Alissa’s eyes widen. I can see that the cogs inside her head are starting to turn. And then I have to tell her. The story that my psychologist is so eager to hear, the story that Julie’s been trying to drag out of me for months.
“I was out the night when it all went wrong. Dad told me to be home by ten, because it was Christmas Eve and he wanted us to be together. I thought it was dumb. Ten o’clock was for little kids. And I was seventeen.
“We went out dancing: Karla; her best friend, Peyton; and me. I was mad at Dad because of the fight we’d had before I left the house. The three of us got blind drunk.
“When I finally headed home at twelve, there were clouds of smoke above the houses. I remember thinking it was exciting. I even sped up. But when I got to our street, it turned out that it was our house that was on fire. I instantly sobered up.
“I ran to the fence, and a firefighter held me back. He shouted that his buddy was inside, and that I should wait outside. He asked me ho
w many people were in the house, and I told him four. Cleo had already moved into a dorm room, but she was at home that night because of the holidays.
“It was driving me crazy, waiting there. The flames were licking the bricks, and there was smoke everywhere.
“Cleo came out. She had a big burn on her neck, and she was leaning on a firefighter. She was coughing, and she fell into my arms. She said she had to go back, that Lia had been calling for help. The firefighter shook his head.
“ ‘You guys stay here. We’ll help your family,’ he said, and he went back. His buddy went with him. I watched them run into the burning house.
“As Cleo was helped into the ambulance, the inferno spread.
“It was so incredibly hot where I was standing, but it didn’t even occur to me to move away.
“Cleo came back. She’d fought her way out of the ambulance, and she had a blanket around her shoulders.
“I held my sister. I was scared she was going to run back inside for Lia. And at that moment…something collapsed. My mom and dad’s bedroom, I think. The neighbors standing around us were screaming and shouting, but Cleo and I were both silent.
“More firefighters went into the house. They were shouting, but I didn’t know the names. And then a man came out. The same man who had brought Cleo out. The man who had promised to help our family. His whole face was black. He could barely stand. The ambulance guy gave him an oxygen mask.

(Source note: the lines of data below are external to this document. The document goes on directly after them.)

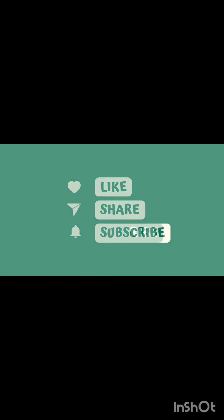Please like this video and subscribe to our channel. If you like this video, please share it with your friends. Thank you so much. Assalamualaikum.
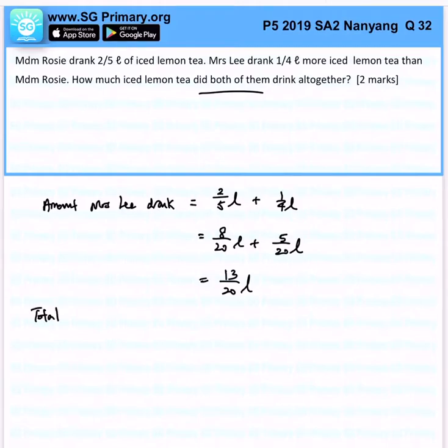Total amount drank — that would be 2 over 5 litres plus 13 over 20 litres. We must make sure that our fractions have the same denominator, so that we can easily add them up.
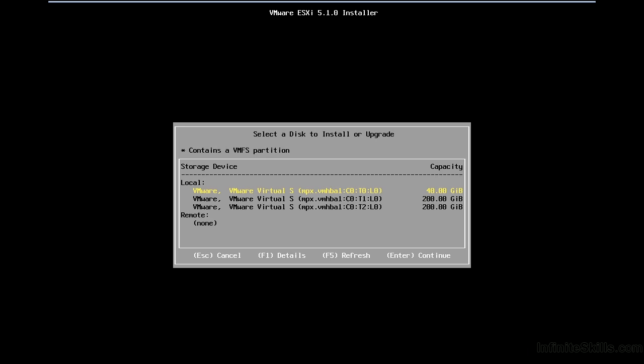At this point I have no remote storage, so you see it lists none for remote, and for local there's nothing already set up on those machines. The names are listed as VMware simply because those are drives presented by VMware Workstation to the ESXi environment. If I was reinstalling ESXi or doing an upgrade, I'd want to ensure I don't affect any virtual machines already stored on those drives on a VMFS file system, which is VMware's native file system. We can only use VMFS effectively for storage of virtual machines on block storage devices connected directly, or via Fibre Channel or iSCSI.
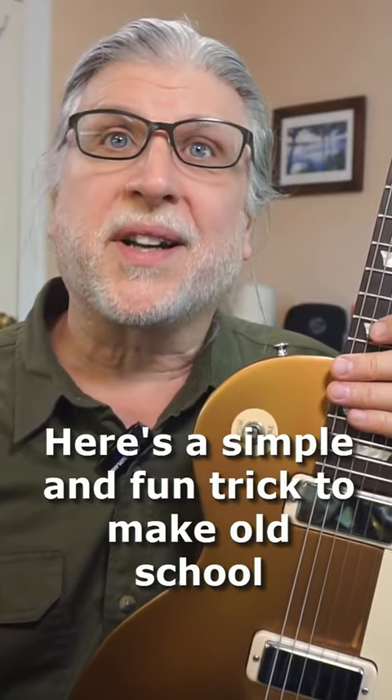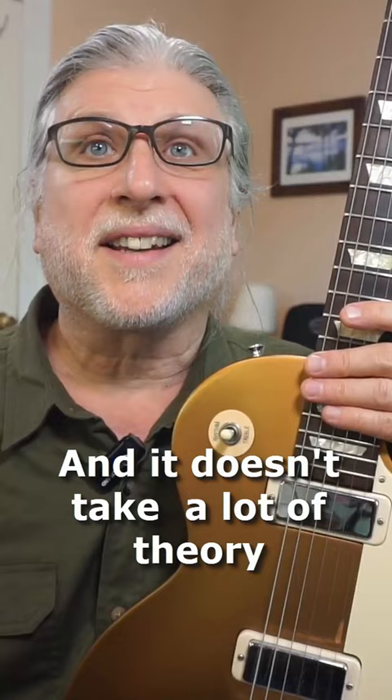Here's a simple and fun trick to make old-school harmonized lead lines like the Allman Brothers, and it doesn't take a lot of theory or writing a bunch of things down.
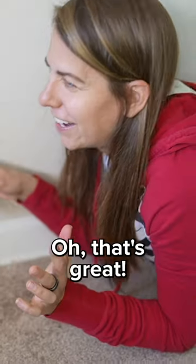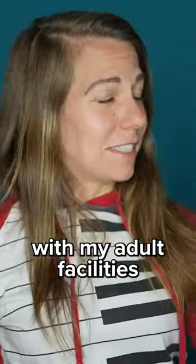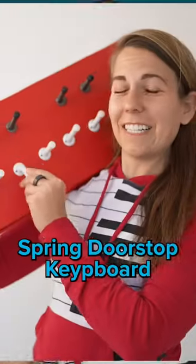Did your parents have one of those spring door stops? That's great. Because today I'm mixing my childhood fascination with my adult facilities to make the first ever spring door stop keyboard.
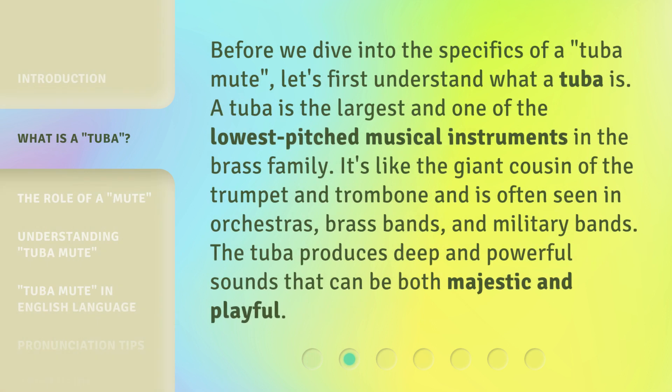Before we dive into the specifics of a Tuba Mute, let's first understand what a Tuba is. A Tuba is the largest and one of the lowest-pitched musical instruments in the brass family. It's like the giant cousin of the trumpet and trombone, and is often seen in orchestras, brass bands, and military bands. The Tuba produces deep and powerful sounds that can be both majestic and playful.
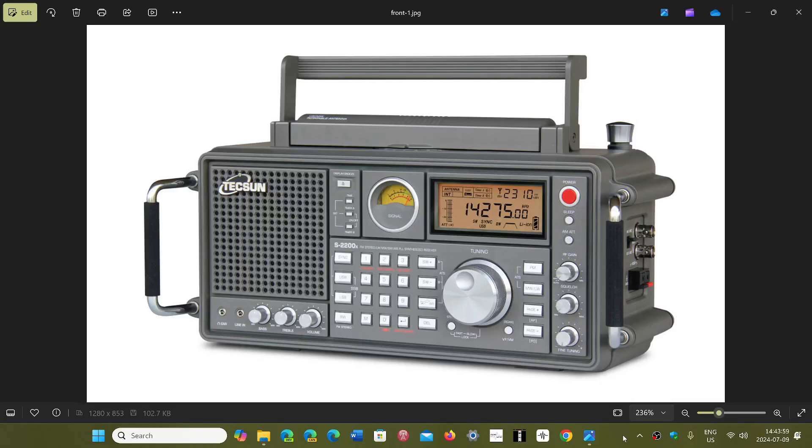Welcome to the Shortwave Radio Channel. Continuing on what will be the new Tecsun receiver, the S2200X. I've written today to let them know about my interest in this radio and if it would be possible to have a review unit.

“The firefighters didn’t do anything else after that. All their attention went to the other fireman. Dad, Mom, Lia were forgotten.”
“M-my dad…,” stammers Alissa. “That man was my dad.”
I look up. “So now you get it.”
It’s deadly silent in the room.
I see Cleo again, standing with me behind the fence. She collapsed, clung on to me like a child to its mother. I had to keep standing, for her. But I was tired, so tired.
“My dad lost a good friend that night.” Alissa’s voice is trembling. “He was ill for months. I told you that.”